NYC Mayor Eric Adams has many obsessions that he has brought into office with him. His ego,

naturally. His liking for appointing corrupt officials to public office is also well known. But the

one that really gets his juices flowing, that gets his pupils dilated more than anything else? The

abomination that is “Stop and Frisk.” In December 2021, just prior to taking office, he touted

the idea of re-introducing it to the streets of NYC, a desire that still burns bright within him to

date.

However, given the recent decision of the Supreme Court that it is legal for New Yorkers

to conceal carry a firearm, Adams’ Stop and Frisk fetish is now on very shaky ground.

Stop and Frisk has always been highly contentious, and rightly so. Its most basic logic is

something more so akin to Nazi Germany than 21 st century NYC and America – that people are

potentially guilty of something, but without a sniff of due process. Law enforcement are

allowed to act on their own hunches, grievances and prejudices in doing so.


It’s essentially the

philosophy of “your papers please” and there’s nothing you can do about it for fear of

apprehension. In the rest of the Western world, Stop and Frisk is barely known, let alone

enacted. Yet again another case of American Exceptionalism proving to be exceptionally wrong

and at odds with the rest of Western democracy.

There is though with Stop and Frisk the over-powering stench of racial profiling and blatant

discrimination. The statistics more than back this up:

 Since 2002, over five million New Yorkers have been subject to the ignominy of Stop and

Frisk.

 In 2019, 13,459 New Yorkers were subject to Stop and Frisk. Of those, 9% were White,

while 88% were either Black or Latino.

 Nine out of ten New Yorkers who have been subject to Stop and Frisk have been

innocent.


Source: Stop-and-Frisk Data | New York Civil Liberties Union | ACLU of New York (nyclu.org)


While to the rest of us on Planet Sane, those figures alone should condemn Stop and Frisk to

the trash-can of history without delay. On Planet Not-Quite-So-Sane, where Eric Adams has a

second home, that data is a mere blip of inconvenience and therefore of no concern to him.

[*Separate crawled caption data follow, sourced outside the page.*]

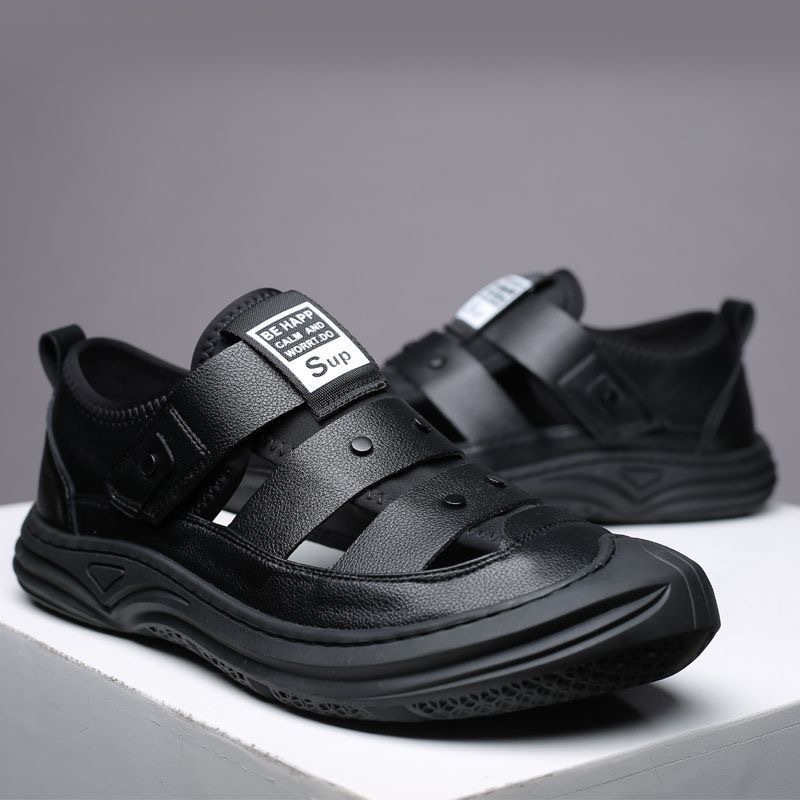 Comercio exterior verano hombres casuales Baotou sandalias fábrica de PU al por mayor zapatos de playa perforados transpirables zapatos con agujeros hombres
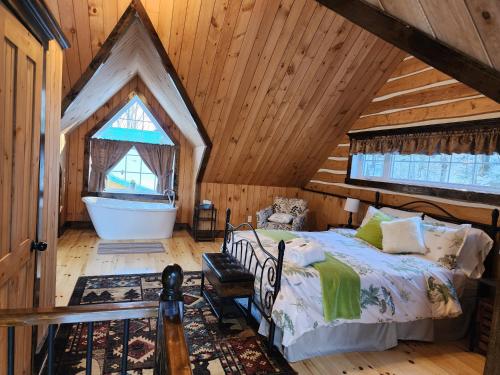 Postel nebo postele na pokoji v ubytování Domaine Rivière Sacacomie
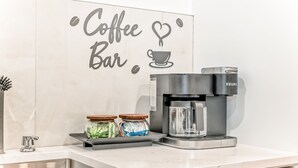 Uma área de cozinha com uma cafeteira, dois potes de temperos e uma placa com a inscrição 'Coffee Bar'.
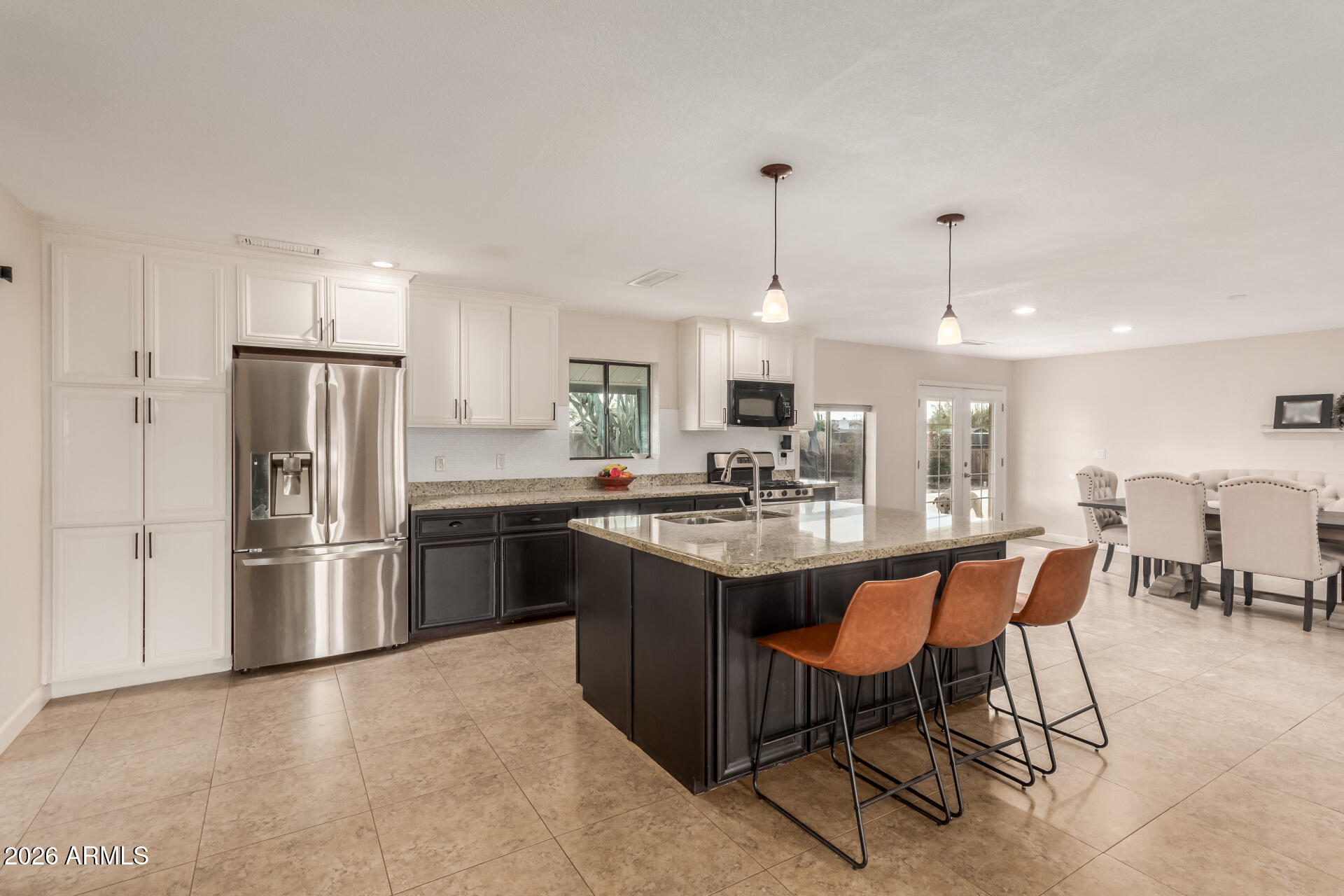 313 West Saddle Mountain Road Phoenix, AZ 85086 - Photo 18 of 54 a kitchen with stainless steel appliances granite countertop a sink a stove a refrigerator and island with wooden floor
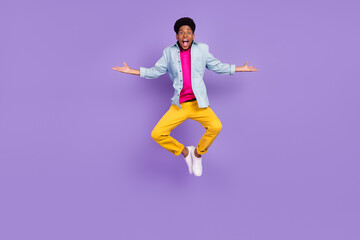 Wall Mural - Photo of carefree funny guy jump raise hands weekend free time wear blue shirt isolated purple color background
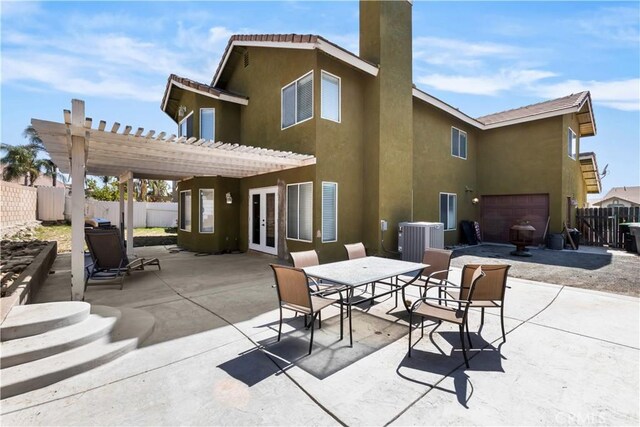 rear view of house featuring central AC unit, a pergola, french doors, fence, and stucco siding
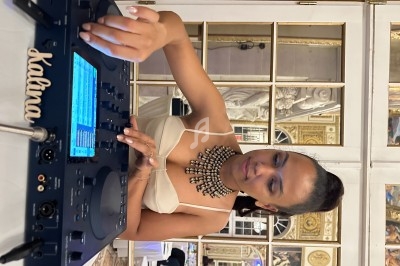 Femme utilisant une table de mixage dans une salle élégante avec des miroirs et des ornements dorés en arrière-plan.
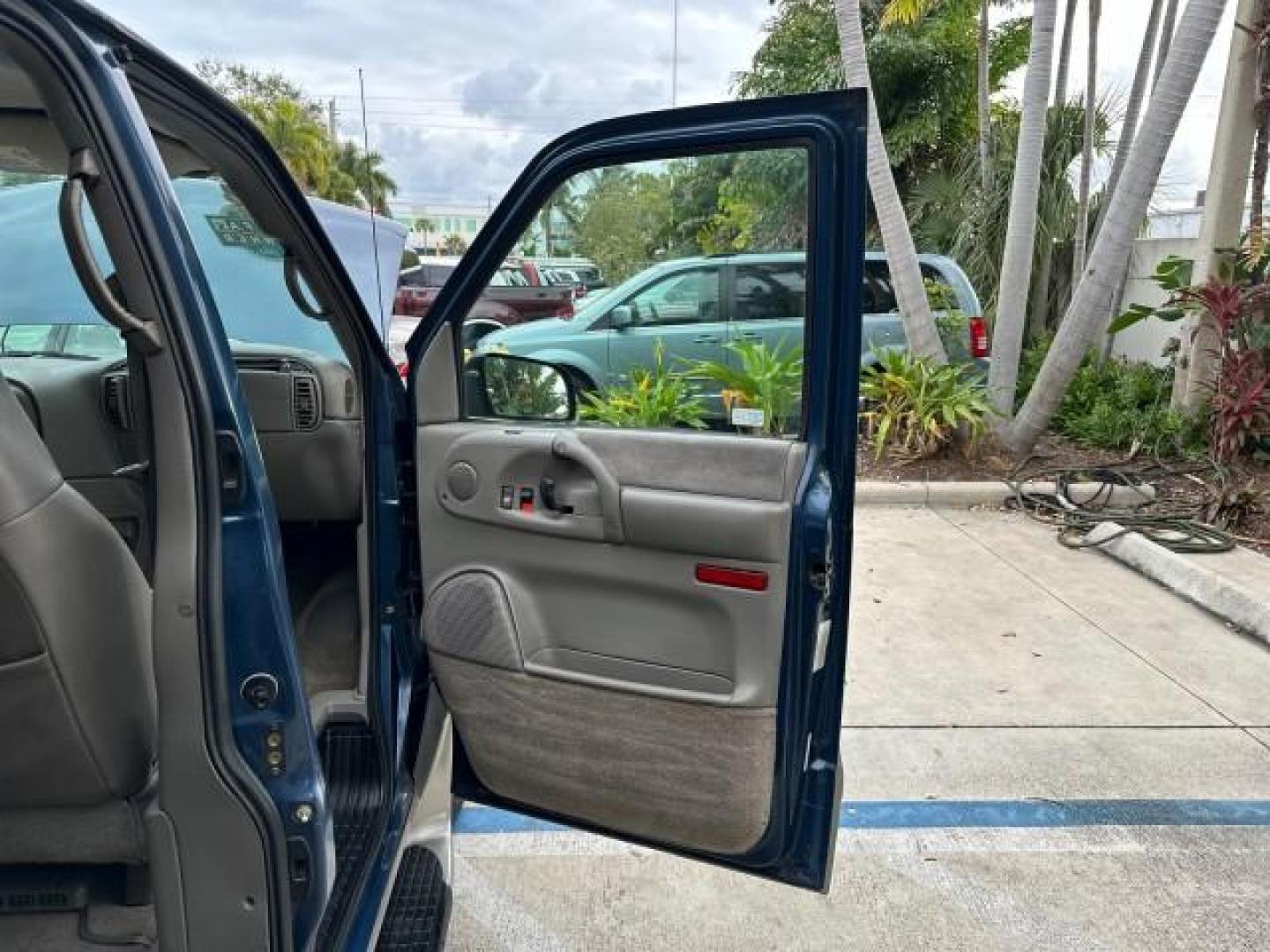 2005 Medium Cadet Blue Metallic /Medium Gray Chevrolet Astro Passenger AWD LOW MILES 68,902 1 OWNER (1GNEL19X35B) with an 4.3L Vortec 4300 V6 MFI Engine engine, Automatic transmission, located at 4701 North Dixie Hwy, Pompano Beach, FL, 33064, (954) 422-2889, 26.240938, -80.123474 - OUR WEBPAGE FLORIDACARS1.COM HAS 100 PHOTOS AND FREE CARFAX LINK 2005 CHEVROLET ASTRO 7 PASSENGER VIN: 1GNEL19X35B105007 VAN 4.3L V6 F GASOLINE HANDICAP LIFT ALL WHEEL DRIVE AWD Automatic Climate Control Cruise Control Front Bucket Seats Limited Slip Differential Rear Privacy Glass Trailer Wiring TH - Photo#12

But

now the Supreme Court has loomed large, and Adams fevered dreams of further subjugating

those he supposedly represents has now taken a serious legal body-blow.


Given that the nation’s supreme legal entity has ruled that carrying a concealed gun in NYC is

constitutionally protected, where does that then leave Stop and Frisk? Your first reaction may

be in a dumpster on fire. And yes, you’d be right. The target of Stop and Frisk is in the

overwhelming number of cases, either drugs or weapons, primarily guns. The Supreme Court’s

ruling effectively neutralizes the weapons part of that equation. And much as Adams might

hate to admit it, his illegitimate NYC fiefdom pales into legal insignificance in the face of the

highest court in the land.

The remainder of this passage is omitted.